Exp: What is the impact of these modifications on the size of the dataset?
Since I converted all of the grayscale images (1 layer) from IAM-DB to RGBA (4 layers), I wondered how heavier it made the dataset. If gaining 3% of accuracy points means having to increase the computation cost because of the size of the data, I figured it would be something interesting to look more closely.

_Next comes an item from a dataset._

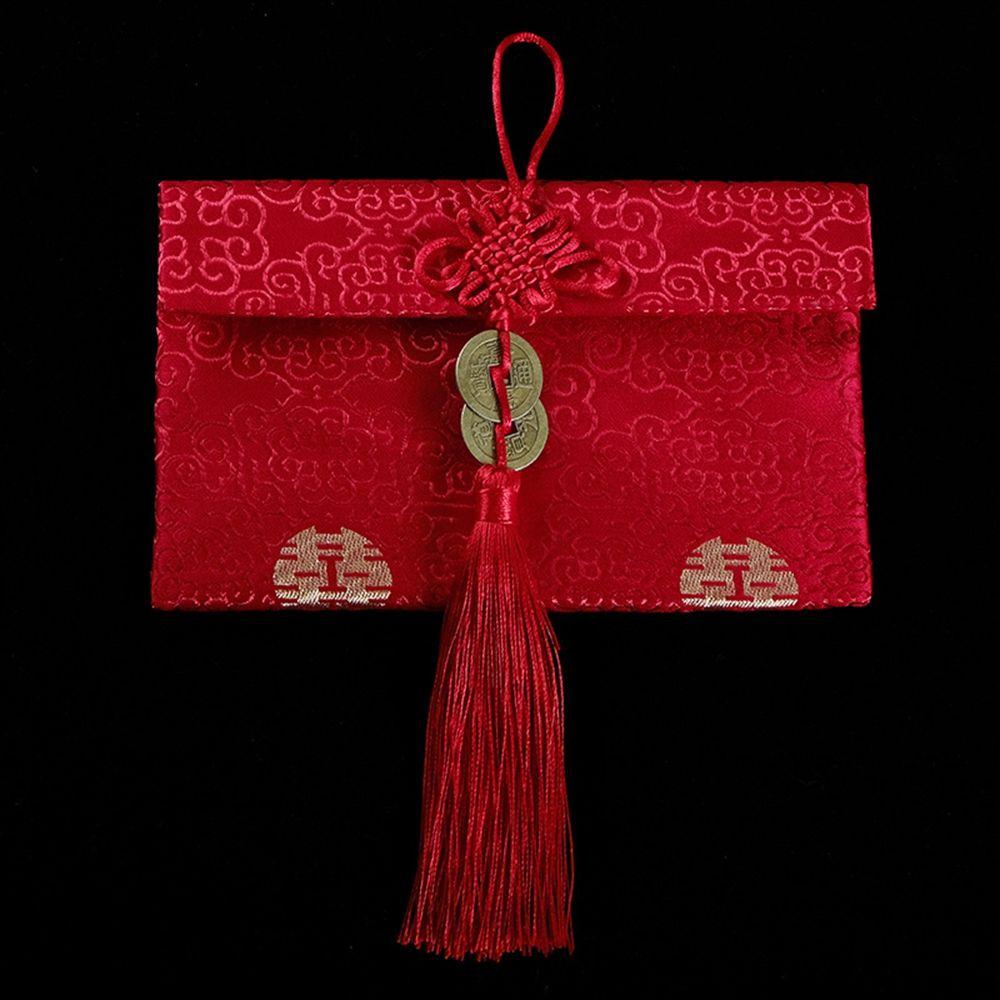Wishes 2022 New Year Wedding Birthday Spring Festival Red Packets Red Envelope Money Bags HongBao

I get the following in the case of the IAM dataset (only regarding trainset
, testset
, validationset1
and validationset2
):
- original dataset: 626Mb
107M ../get_iam/iam_pairs/testset/
325M ../get_iam/iam_pairs/trainset/
52M ../get_iam/iam_pairs/validationset1/
62M ../get_iam/iam_pairs/validationset2/
- dataset converted to rgba: 929Mb
181M ../get_iam/iam_pairs_rgba/testset/
550M ../get_iam/iam_pairs_rgba/trainset/
87M ../get_iam/iam_pairs_rgba/validationset1/
103M ../get_iam/iam_pairs_rgba/validationset2/
- rgba dataset "blended": 3.1 Gb (3187Mb)
611M ../green/iam_pairs_blended/testset/
1.9G ../green/iam_pairs_blended/trainset/
287M ../green/iam_pairs_blended/validationset1/
309M ../green/iam_pairs_blended/validationset2